Access to water and sanitation remains a luxury for most people in Africa. African parliamentarians are ensuring that this luxury effectively became what it really is, a basic human right. The biggest hindrance to improving water, sanitation and hygiene (WASH) in Africa is the absence of coherent legislation and inclusive policies in most parts of the continent.
Taking place ahead of World Toilet Day in November, international advocacy firm Niyel hosted a webinar to unpack how to achieve more sustainable sanitation systems in Africa. It also prepares the ground for the first United Nations conference on water and sanitation in nearly 50 years to be held in 2023.

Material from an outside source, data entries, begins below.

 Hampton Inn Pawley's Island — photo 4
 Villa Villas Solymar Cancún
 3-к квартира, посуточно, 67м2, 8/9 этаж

The rest of the world is already taking notice of an incredible African initiative.
The African Ministers’ Council on Water (AMCOW) has developed groundbreaking African Sanitation Policy Guidelines (ASPG) which can be easily tailored to each African country. They represent a tool made for Africa in Africa and by Africans. The Guidelines were launched by AMCOW on June 11, 2021 to help governments ensure access to adequate and inclusive sanitation for all. An early success in this regard was already achieved in the recent adoption of the Guidelines by a first African country, Kenya. This now provides a precedent for other countries to follow.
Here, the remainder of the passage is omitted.